"You can't teach an old dog new tricks" conjures up a blue tick hound sprawled on the front porch of a rustic farm house on a lazy summer day. While everyone loves that old cuss, most likely he really can't be taught anything whatsoever besides eating from a new food bowl. Same old hound year after year.
But oil industry managers are light years smarter, more business savvy and adaptable to new ideas than that snoozing hound. They didn't cling to mainframe punch cards when desktops became the way to do business. And they didn't insist that phones had to have cords when cell phones became the way to reach anyone anywhere. Most importantly, the real oilpatch decision-makers don't grab the shotgun off the old dog's porch and shoot down ideas that actually work better than worn out ones.
That's why the glitzy "digital oilfield" (DOF) is about much more than changing how the industry works technologically; it's about how the very process of business innovation works. It's about putting more productive business innovation models into play for better results more often.
Traditionally, innovation at companies has followed the "wishful thinking" approach - take creative people, leave them alone in a detached campus environment and they will come up with magical innovations.
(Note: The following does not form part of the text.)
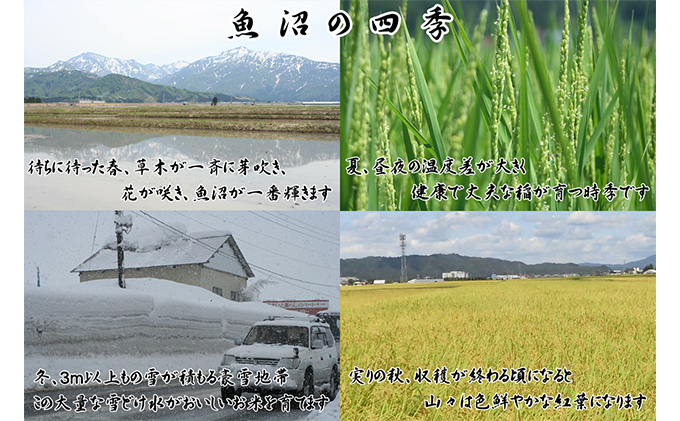 【令和5年産】農産物検査員お奨め 魚沼産こしひかり（精米）15kg（5kg×3）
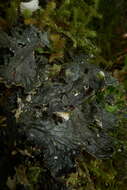 Image of Peltigera dolichorhiza (Nyl.) Nyl.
That's Model A in the models of business innovation. Although that has worked for inventors whose product innovations became industry standards, in the broad sweep of revolutionary business innovations it has been a flop.
In contrast, take the same creative people, give them precise needs, hold their noses to the grindstone, and real innovation more likely will occur. That's Model B. And this approach bears directly on the business-oriented path that the DOF will take. With the oilfield environment continually demanding lower costs, the question becomes: "With the DOF exploding around us, are we going to be a player? If so, are we going to rely on 'magical thinking' or try to manage the direction of business innovation?"
Or, stated another way, in the oilfield's future, numerous innovation areas appear to have fruitful potential. Therefore, the choice for companies is twofold. Do they essentially let nature take its course, letting people be individually innovative and having conversations with an endless stream of DOF vendors while hoping that something, somehow emerges from all this? Or will executives recognize the value of delivering innovation through a more structured program with clear business targets?
Model B is something that virtually everyone in business is familiar with: a direct problem-solving scenario. For example, an executive typically calls the IT expert into his office and says, "Here's my problem. Figure out how to solve it within a certain number of days." Subsequently, the problem-solver returns and announces, "Here's the solution to the problem you described."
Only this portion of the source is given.